Friday, 6 May 2011
New Towns New Living
My Interior Design story has an involved past. Brought up in New York, lived in Malta, educated in Scotland in different places, university in Edinburgh, then south east, north west , north east England. I have been around a bit.
As much as I left my Town Planning degree midway to do interior design, I know my roots are still there. I am as much involved with the story of my adopted town West Kirby as I am with sourcing fabrics.My life has been spent talking to people, discussing and in true Librian fashion me digesting then replying.

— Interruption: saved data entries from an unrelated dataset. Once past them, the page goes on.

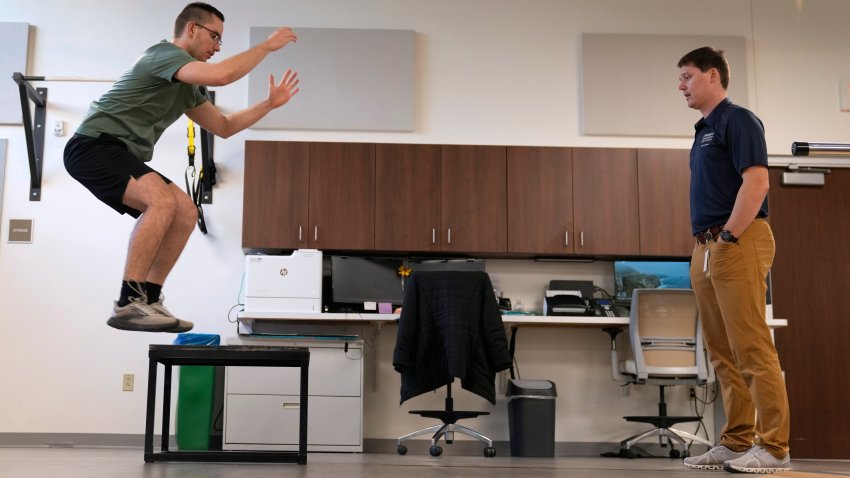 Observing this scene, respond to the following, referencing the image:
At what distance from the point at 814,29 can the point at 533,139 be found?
2.39 metres

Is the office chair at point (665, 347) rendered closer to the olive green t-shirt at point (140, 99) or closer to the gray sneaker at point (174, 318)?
the gray sneaker at point (174, 318)

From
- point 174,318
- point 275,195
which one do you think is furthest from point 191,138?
point 174,318

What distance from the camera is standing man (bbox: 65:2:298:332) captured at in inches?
124

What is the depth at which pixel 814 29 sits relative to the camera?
6590 millimetres

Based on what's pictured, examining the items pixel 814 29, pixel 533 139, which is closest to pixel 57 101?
pixel 533 139

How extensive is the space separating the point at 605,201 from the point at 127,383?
3627 millimetres

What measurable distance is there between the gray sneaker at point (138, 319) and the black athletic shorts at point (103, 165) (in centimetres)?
40

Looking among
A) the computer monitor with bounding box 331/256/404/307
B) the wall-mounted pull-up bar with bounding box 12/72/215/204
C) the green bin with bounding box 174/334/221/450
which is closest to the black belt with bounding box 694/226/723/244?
the computer monitor with bounding box 331/256/404/307

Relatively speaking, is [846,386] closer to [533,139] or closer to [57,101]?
[533,139]

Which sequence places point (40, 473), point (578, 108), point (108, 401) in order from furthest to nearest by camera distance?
point (578, 108)
point (108, 401)
point (40, 473)

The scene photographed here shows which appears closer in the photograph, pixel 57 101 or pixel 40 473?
pixel 40 473

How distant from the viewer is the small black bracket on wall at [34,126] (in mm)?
5982

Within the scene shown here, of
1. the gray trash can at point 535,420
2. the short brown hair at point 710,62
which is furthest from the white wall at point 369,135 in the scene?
the short brown hair at point 710,62

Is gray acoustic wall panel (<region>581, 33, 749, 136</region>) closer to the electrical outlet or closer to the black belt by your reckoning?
the black belt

The environment in which people live in, be it one room or a town has a profound impact on the way people feel comfortable, at ease and able to do what they do best. Philanthropists like Robert Owen, Lord Lever, Cadbury family and Titus Salt were incredible people. When people were dying from disease and poor conditions in back streets- these people realised a healthy workforce made an efficient and productive workforce.
Many people following this blog might be aware of Port Sunlight on the Wirral- but might never have heard of Robert Owen and New Lanark in Scotland- a truly beautiful town down a very steep road.
Then of course you had the innovative concept of New Towns after the Second World War. Harlow, Glenrothes, Runcorn, Milton Keynes. A lot of roundabouts- but the beginnings of concept Satellite towns and spaces. And a use for concrete as seen in projects by Le Corbusier.
Lower Earley isn't one of my favourites, then neither was the mass build by some developers. Countryside in Essex were one of the first to buck the "estate" look- houses painted different colours, a mix of styles, what looked like streets and not cul de sacs. Then they had doors opening onto street- parking round the back.
If we didn't have the framework, the interiors couldn't possibly work.